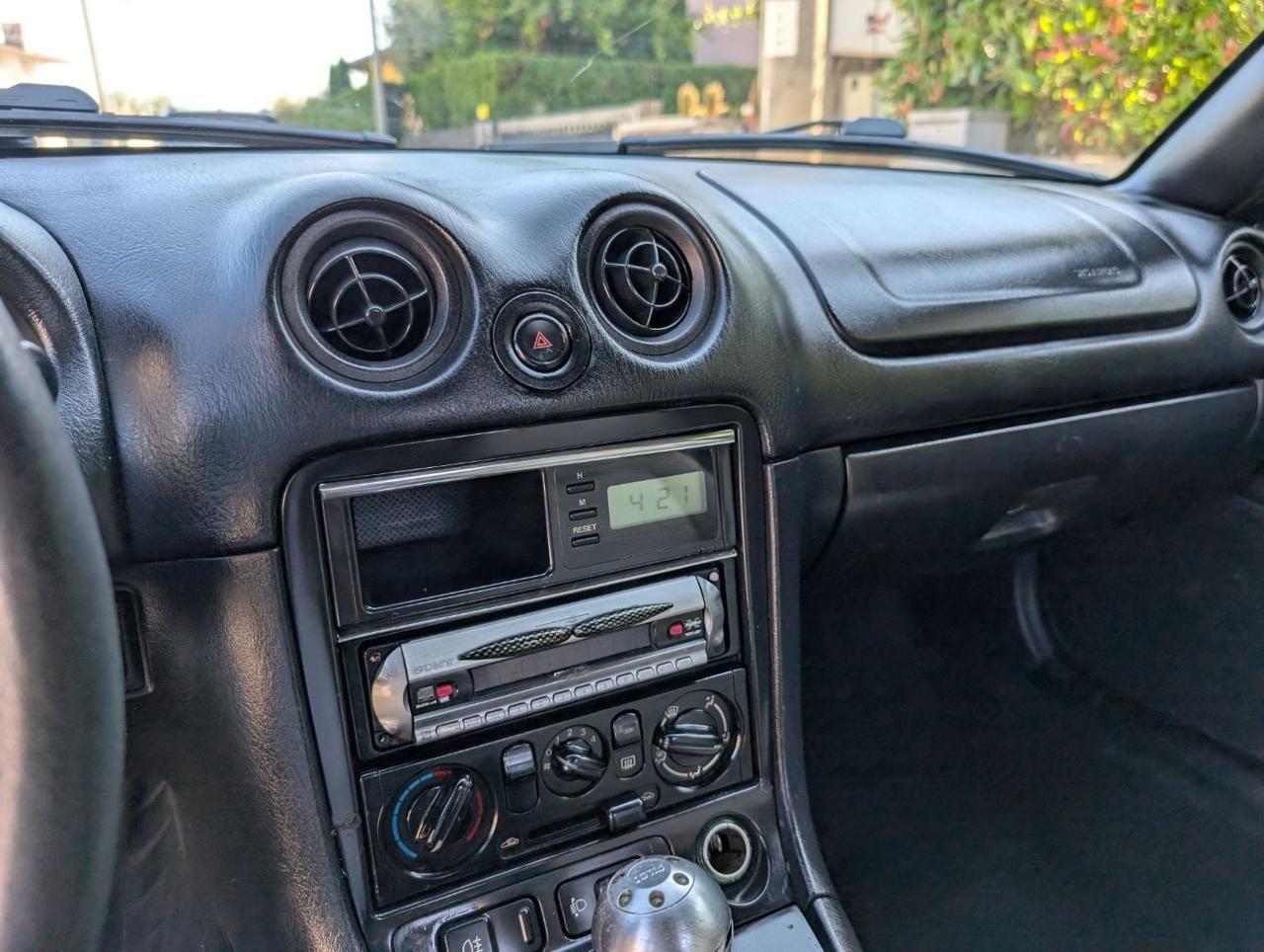 Mazda MX-5 1.6i 16V cat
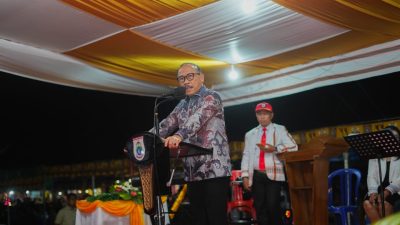 Wujud Toleransi Natal, Gubernur Sulbar Bagikan Bingkisan kepada Penjual Sayur dan Ojek Lintas Agama
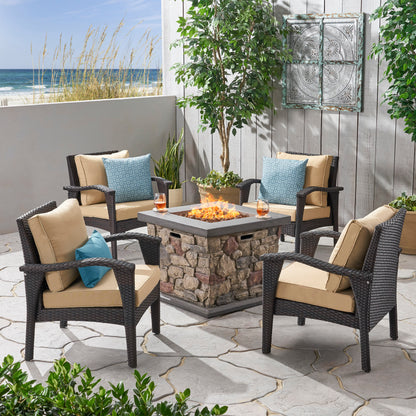 Makenah Outdoor 4 Club Chair Chat Set with Fire Pit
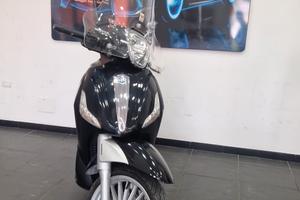 Piaggio Beverly 300 BASE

▶ **What to produce**
When you write out the material again, keep every word exact and omit the pictures.

▶ **Output of the task**
 Mazda MX-5 1.6i 16V cat
 Wujud Toleransi Natal, Gubernur Sulbar Bagikan Bingkisan kepada Penjual Sayur dan Ojek Lintas Agama
 Makenah Outdoor 4 Club Chair Chat Set with Fire Pit
 Piaggio Beverly 300 BASE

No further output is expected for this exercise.